Eine Samurai-Burg in einer weitläufigen Parkanlage. Naturspektakel und köstliche Äpfel. Das charmante Hirosaki führt keine Japan-Highlight-Listen an. Unberechtigt, wie ich finde. Denn die Stadt im Norden Honshūs bietet eine besondere Kombination aus Geschichte und Genuss. Ganz ohne Touristentrubel!
Sonniges Willkommen auf Honshū
Wir sind zurück auf Honshū. Unsere Ankunft wird von strahlendem Sonnenschein, stechend blauem Himmel und sattgelben Feldern begrüßt. Die Reisernte ist in vollem Gange. Das flache Land und der unendlich weite Himmel sind eine willkommene Abwechslung zu dem gedrungenen, von Bergketten und Wäldern geprägten Hokkaidō mit seinen kühleren Temperaturen und häufigen Niederschlägen. Kommt es uns nur so vor, oder sind sogar die Japaner hier einen Ticken offener und freundlicher?
Die Fähre, die uns zurück auf die Hauptinsel bringt, legt im Ort Aomori an. Aber wir entscheiden uns noch ein Stück weiter zu fahren und die Nacht im 30km entfernten Hirosaki zu verbringen („Da gibt es eine Samurai-Burg“ – „Ach cool, lass da übernachten“). Ursprünglich nur als Durchgangsstation gedacht, wird Hirosaki zu einem unserer Japan-Highlights.

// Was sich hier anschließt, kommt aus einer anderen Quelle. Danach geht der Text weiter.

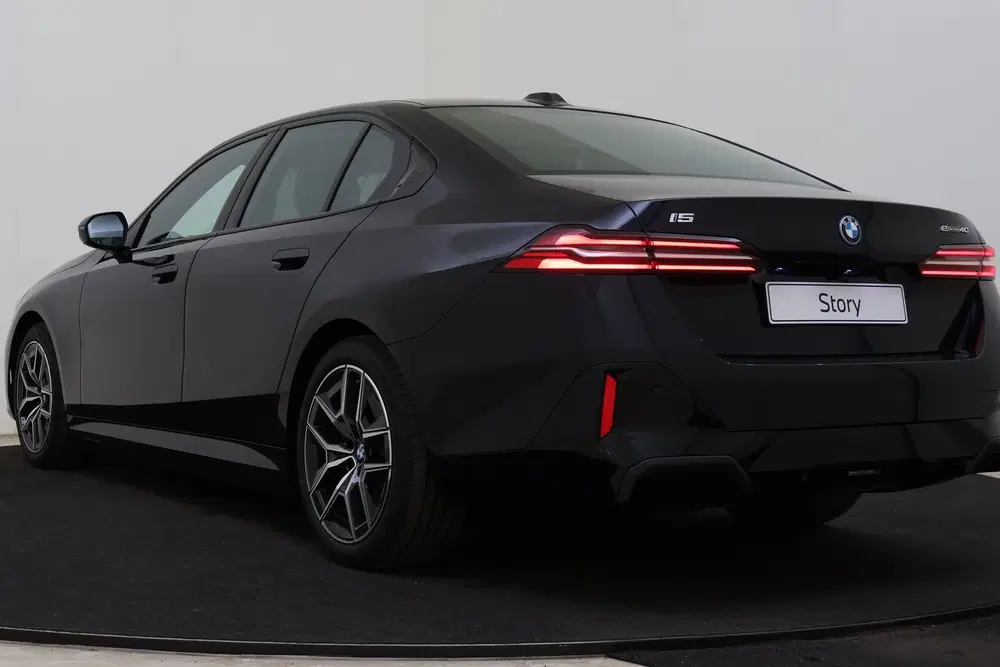 BMW i5 eDrive40 M Sport uit 2026, foto 15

Eine Stadt, die Apfelkuchen liebt
Hirosaki geht mit seinen knapp 200.000 Einwohnern definitiv als Großstadt durch. Dreh- und Angelpunkt ist die wunderschön erhaltene Burganlage, auf die ich gleich näher eingehe.
Darüber hinaus befindet sich Hirosaki inmitten einer Obstanbau-Region. Zur Zeit unseres Besuches im Herbst war Apfelsaison. Wie stolz die Japaner auf ihre Agrarprodukte sind, ist gemeinhin bekannt. Ein neues Level erreicht das in Hirosaki: Es gibt tatsächlich eine eigens entwickelte Stadtkarte, auf der Cafés vermerkt sind, die den besten Apfelkuchen der Region anbieten.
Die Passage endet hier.